▸ **What the task asks**
Using the data below, reproduce exactly the lines from the line with "A woman with" to the line with "A wooden keyring", both included; pictures must be dropped.

*** The input ***

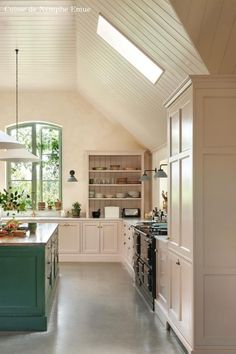 a large kitchen with an island in the center and skylights above it, is shown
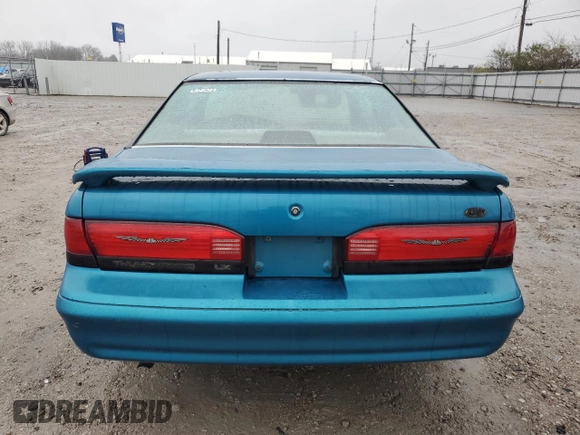 1994 Ford Thunderbird LX with VIN 1FALP6243RH223519, listed as a Copart auction lot 80962814 with 125,016 mi miles and Salvage Title. Bid and sale history available at DreamBid. Image 6.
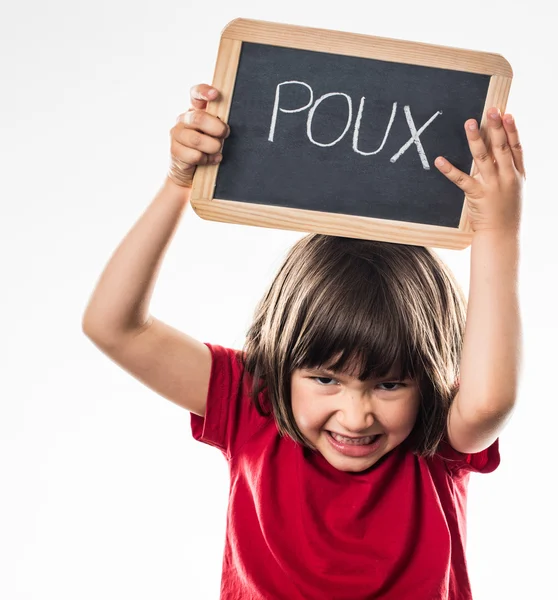 enraged kid holding school slate with \'poux\' written in French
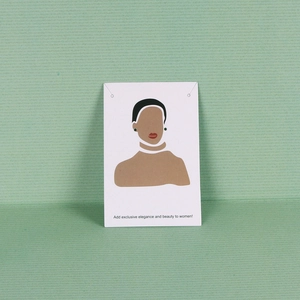 Close-up of paper jewelry display card featuring an abstract female illustration design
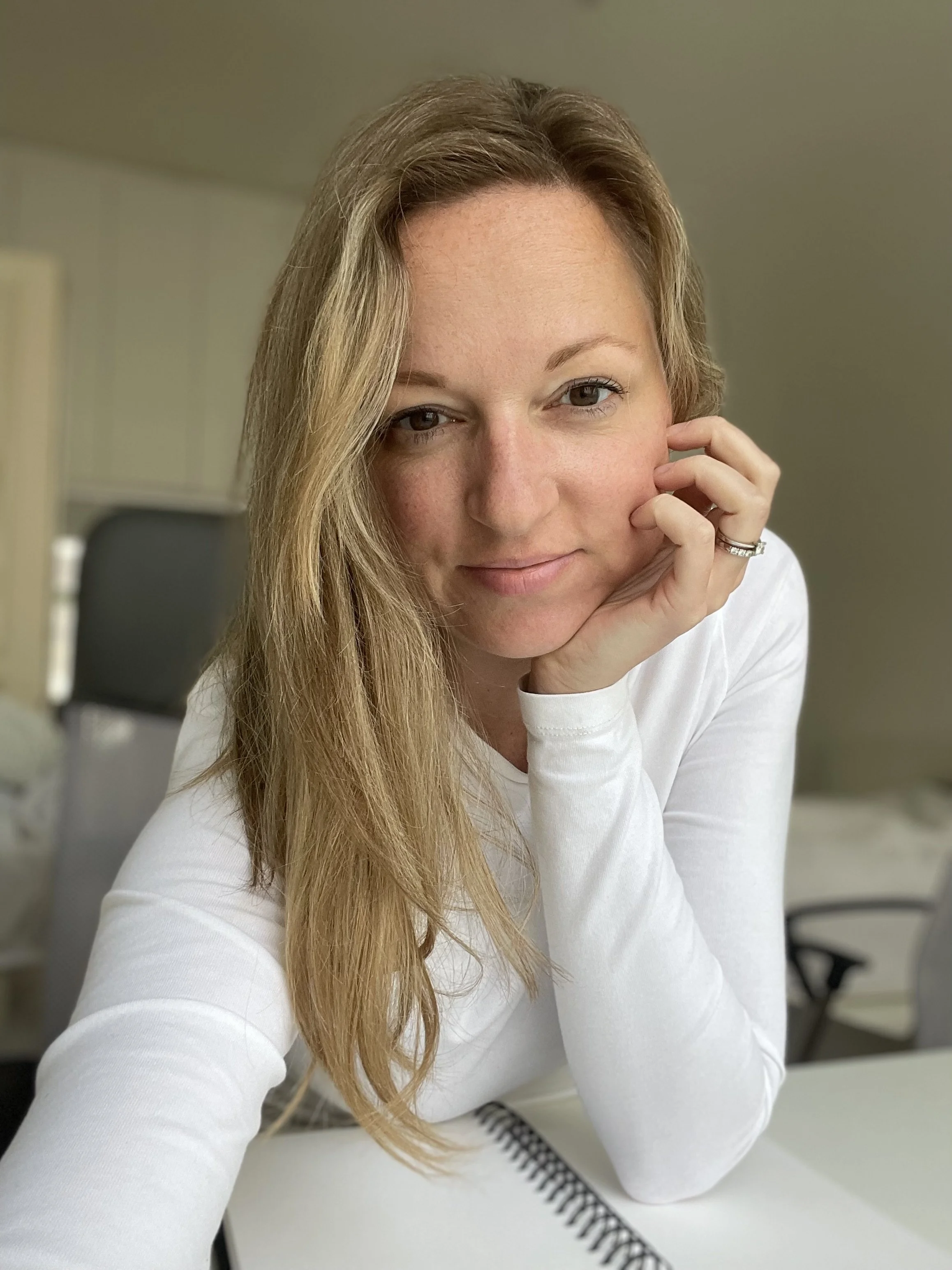 A woman with long blonde hair, wearing a white long-sleeve shirt, resting her head on her hand and smiling softly, sitting at a desk with a spiral notebook and a grey chair in the background.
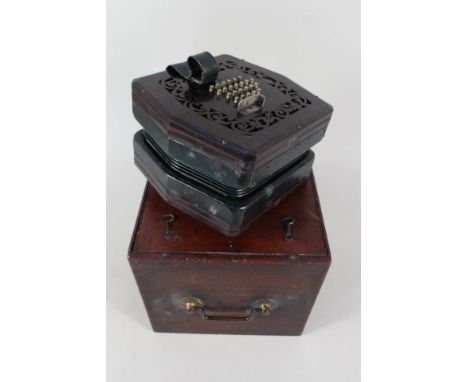 A mahogany cased accordion, bears label Roylance 184 Tot Ct Rd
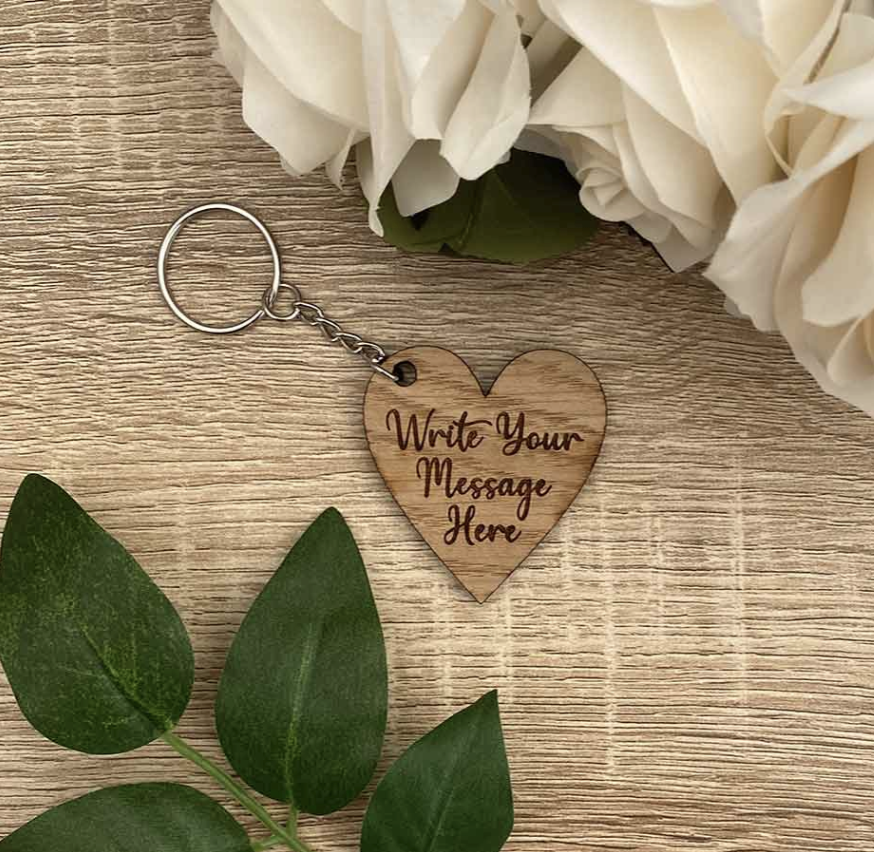 A wooden keyring sits on a table surrounded by flowers. The message on the keyring reads 'Write Your Message Here'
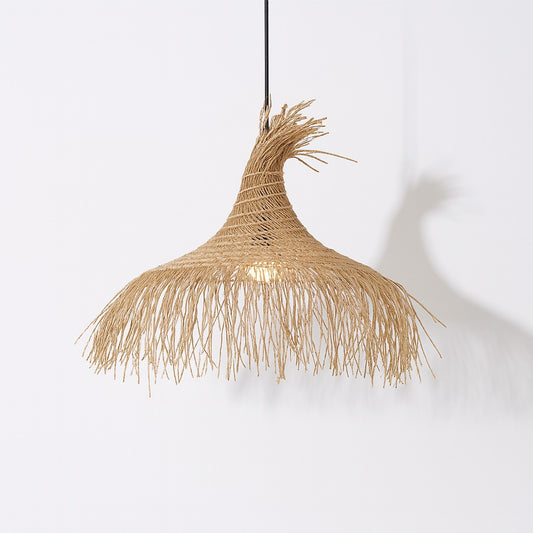 Suspension en rotin naturel Zaraya, abat-jour tressé à la forme libre avec lumière douce et ombre graphique sur mur blanc.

***

▸ **Answer to the exercise**
 A woman with long blonde hair, wearing a white long-sleeve shirt, resting her head on her hand and smiling softly, sitting at a desk with a spiral notebook and a grey chair in the background.
 A mahogany cased accordion, bears label Roylance 184 Tot Ct Rd
 A wooden keyring sits on a table surrounded by flowers. The message on the keyring reads 'Write Your Message Here'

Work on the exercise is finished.